> Frans Meulenbroeks wrote:
>>
>> 2008/9/15 Rob Landley <rob@landley.net>:
>>>
>>> On Sunday 07 September 2008 00:48:31 Willy Tarreau wrote:
>>>>
>>>> Hi Alain,
>>>>>
>>>>> +config KERNEL_LZMA
>>>>> + bool "LZMA"
>>>>> + help
>>>>> + The most recent compression algorithm.
>>>>> + Its ratio is best, decompression speed is between the other
>>>>> + 2. Compression is slowest.
>>>>> + The kernel size is about 33 per cent smaller with lzma,
>>>>> + in comparison to gzip.
>>>>
>>>> isn't memory usage in the same range as bzip2 ?
>>>
>>> Last I checked it was more. (I very vaguely recall somebody saying 16
>>> megs
>>> working space back when this was first submitted to busybox, but that was
>>> a
>>> few years ago...)
>>>
>>> A quick Google found a page that benchmarks them. Apparently it depends
>>> heavily on which compression option you use:
>>>
>>>
http://tukaani.org/lzma/benchmarks
>>>
>>
>> [...]
>>
>> Apologies if I'm sidetracking the discussion, but I'd like to coin a
>> remark.
>>
>> For kernel/ramfsimage etc the best choice is the one that has the
>> fastest decompression (info on tukaani.org says gzip).
>> Rationale: as it uncompresses faster the system will boot faster.
>>
>> Of course this only holds if the background memory can hold that
>> image.

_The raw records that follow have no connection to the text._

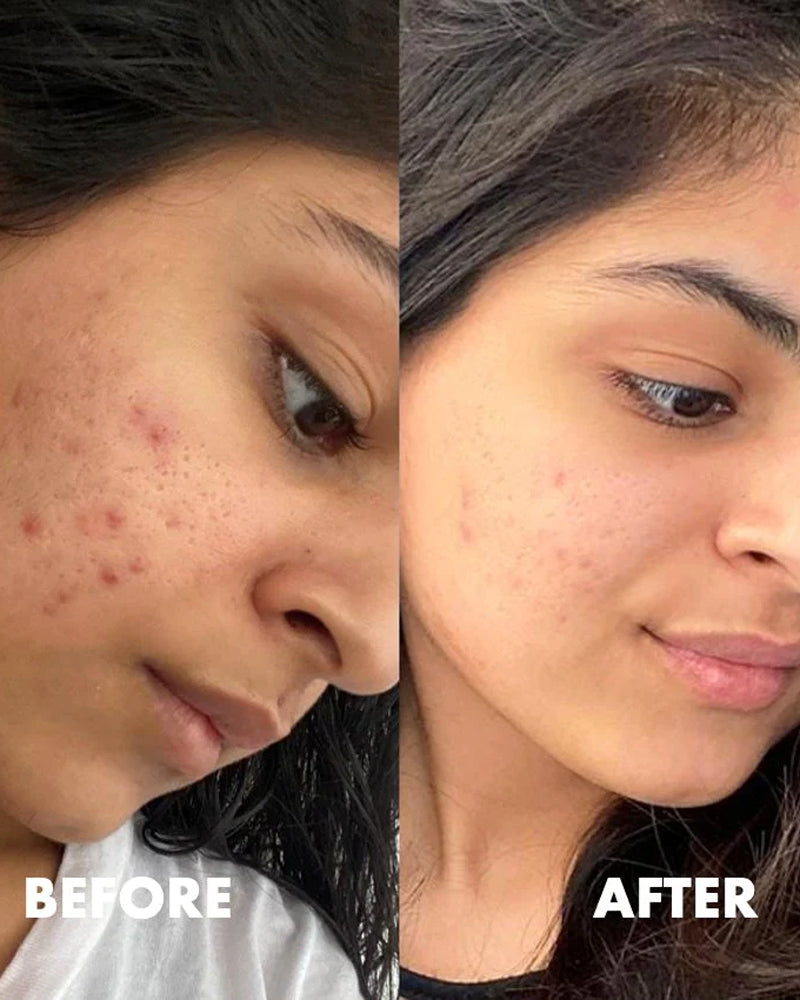 Moroccan Beauty Vitamin E Serum Multi-actions Acné, Cernes et Rides - 30ml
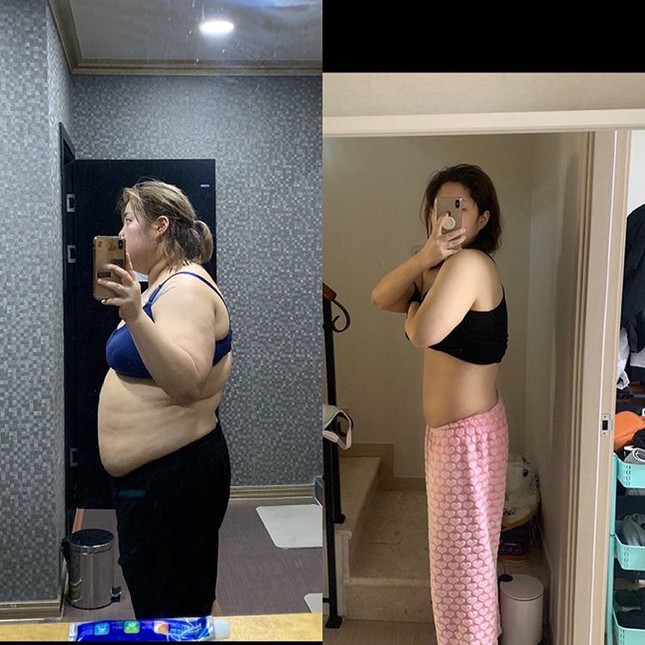 “Thánh ăn” Yang Soo Bin mắc ung thư tuyến giáp do thừa cân hay giảm cân quá nhanh? ảnh 1
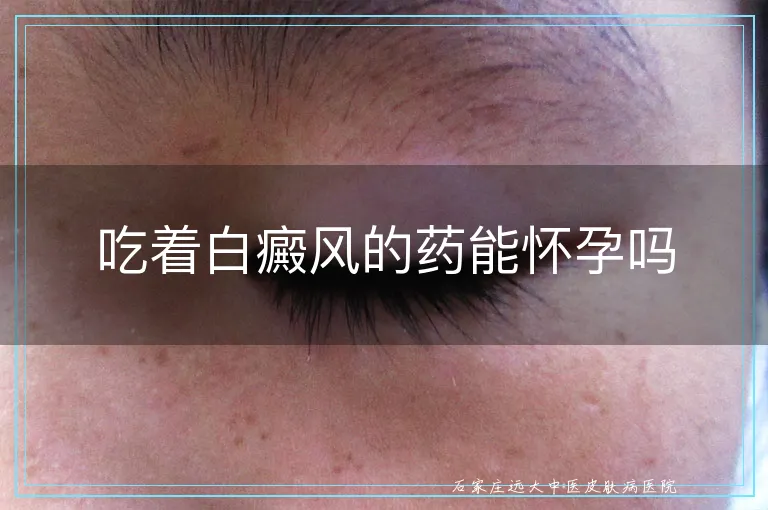 吃着白癜风的药能怀孕吗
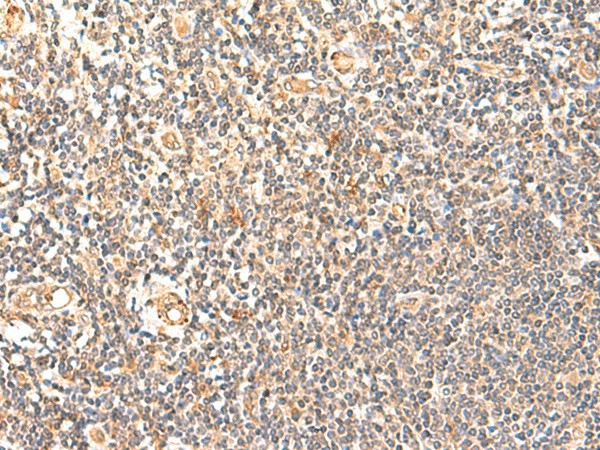 Immunohistochemistry of paraffin-embedded Human tonsil tissue  using GPD1L Polyclonal Antibody at dilution of 1:60(?200)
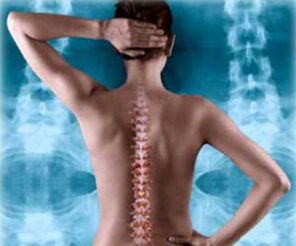 Ilustración da columna posterior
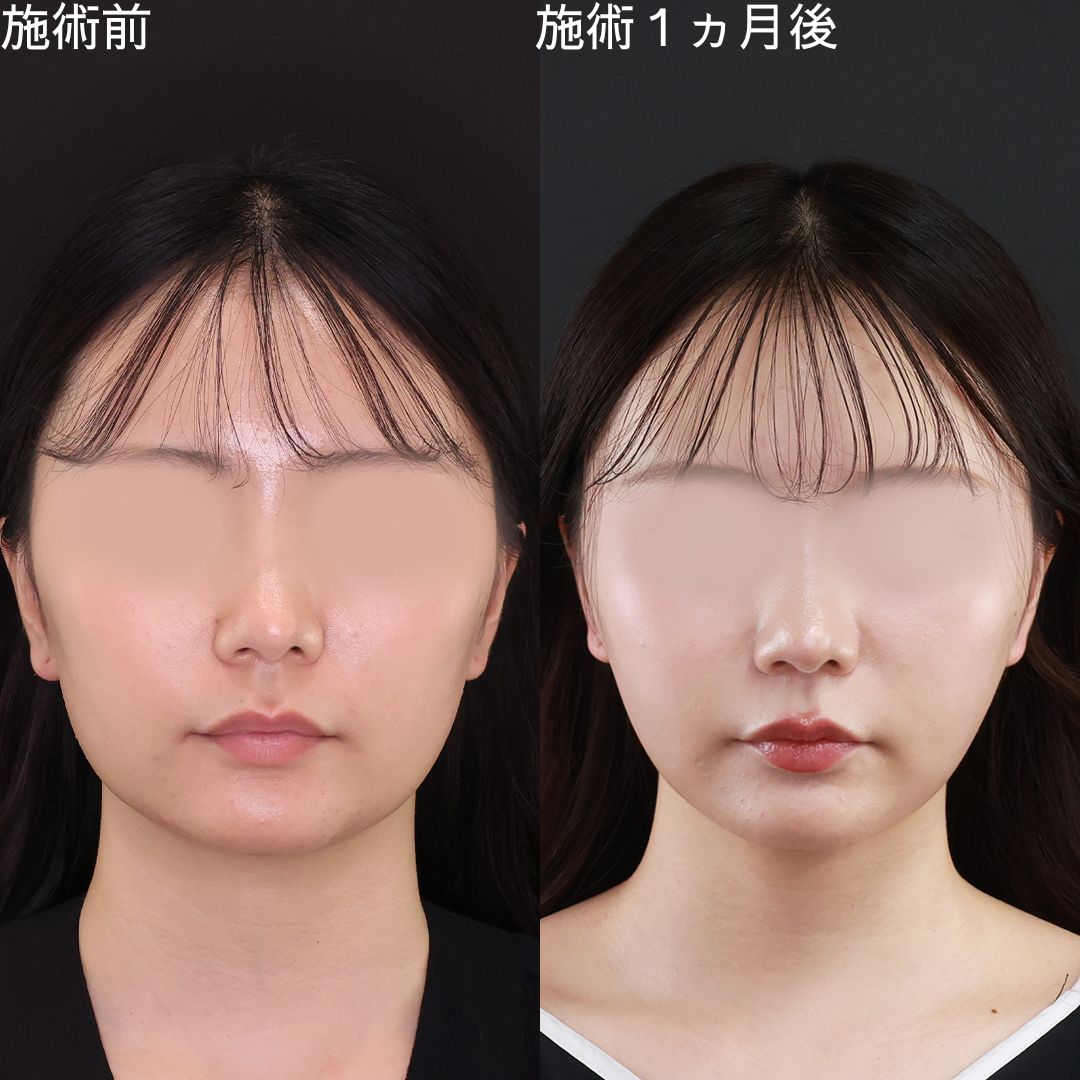 角ばりを改善してアプリ級小顔術【糸リフト×脂肪吸引】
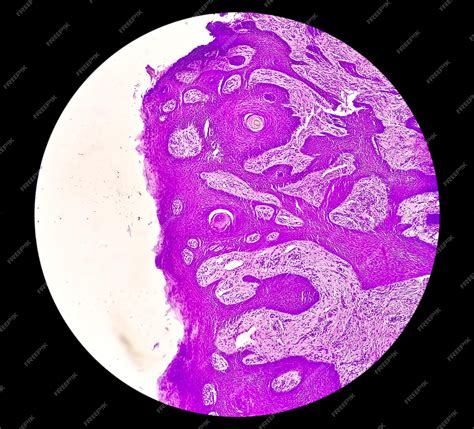 Visão Microscópica Do Carcinoma Basocelular é Um Tipo De Câncer De Pele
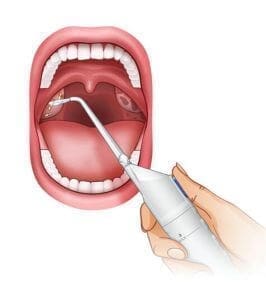 Tonsil Stones Water Flosser Water Flush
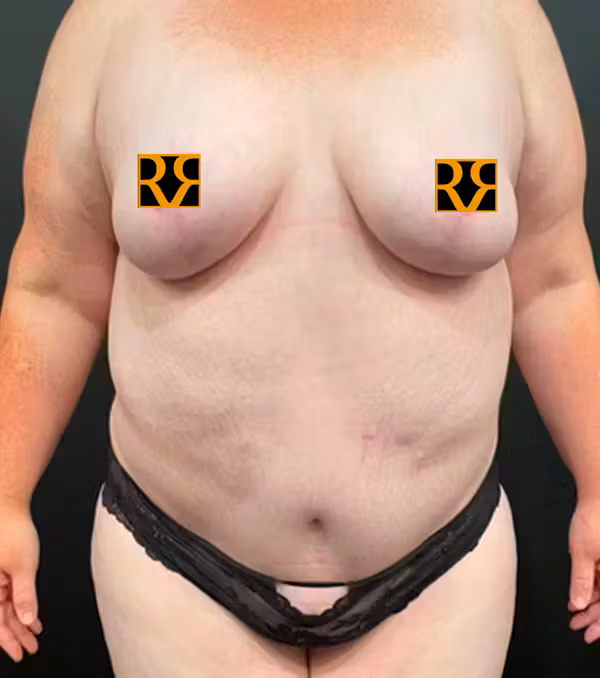 After Image: Plus Size Tummy Tuck - front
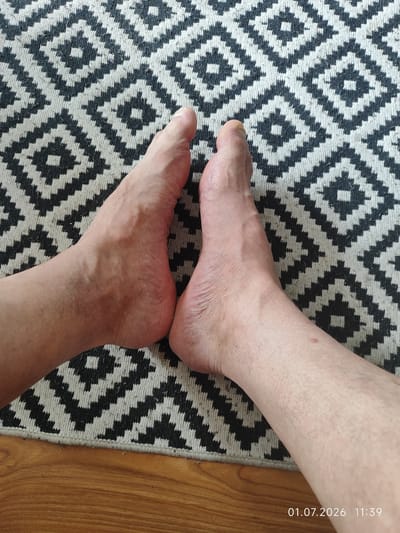 This media file shows a close-up view of two bare feet resting on a patterned rug. The rug has a geometric design with alternating black and white diamond shapes. The feet are positioned side-by-side, with the soles facing downwards. The skin tone of the feet suggests they belong to a person with fair to medium complexion. The left foot appears slightly more prominent, with visible veins on the top. The toes of both feet are visible, with one toenail on the left foot appearing slightly lighter than the other. The right foot is positioned slightly behind the left and is partially obscured. The background consists of the rug, and a wooden floor is visible at the bottom edge of the frame. The lighting suggests it is daytime. In the bottom right corner of the image, there is visible text that reads "01.07.2026 11:39", indicating the date and time the photo was taken. The overall scene is simple and focuses on the feet and the rug. There are no overt signs of specific activity or emotion. The location context provided is Lębork, Poland.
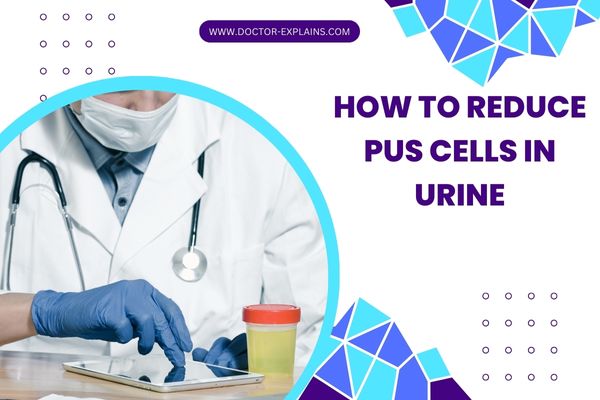 9 Best Remedies to Reduce Pus Cells in Urine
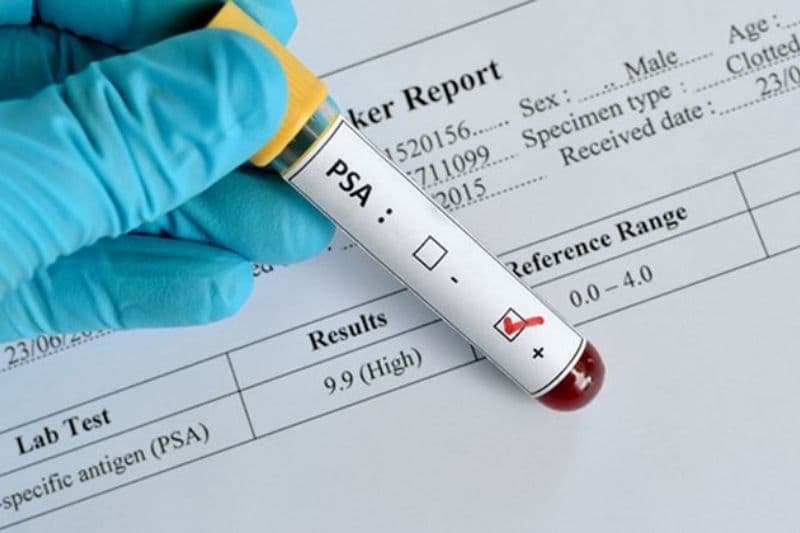chỉ số psa trong ung thư tiền liệt tuyến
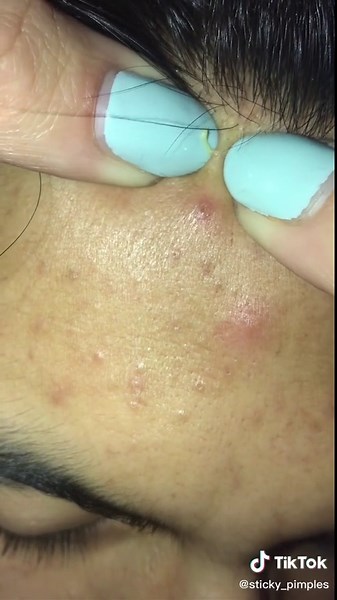 #pimplepopperaddict #pimplepoppingheaven #poppingpimple #viral #pimplepopper2021 #blackheadsremover #pimpleremoval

For disk based systems, I assume this is not a problem at all,
>> but for embedded systems with all software in flash a higher
>> compression ration (e.g. lzma) can just make the difference between
>> fit and not fit (so in those cases lzma could just make your day).
>>
> Given the larger memory needed to decompress, it becomes a very interesting
> calculation in really small memory machines.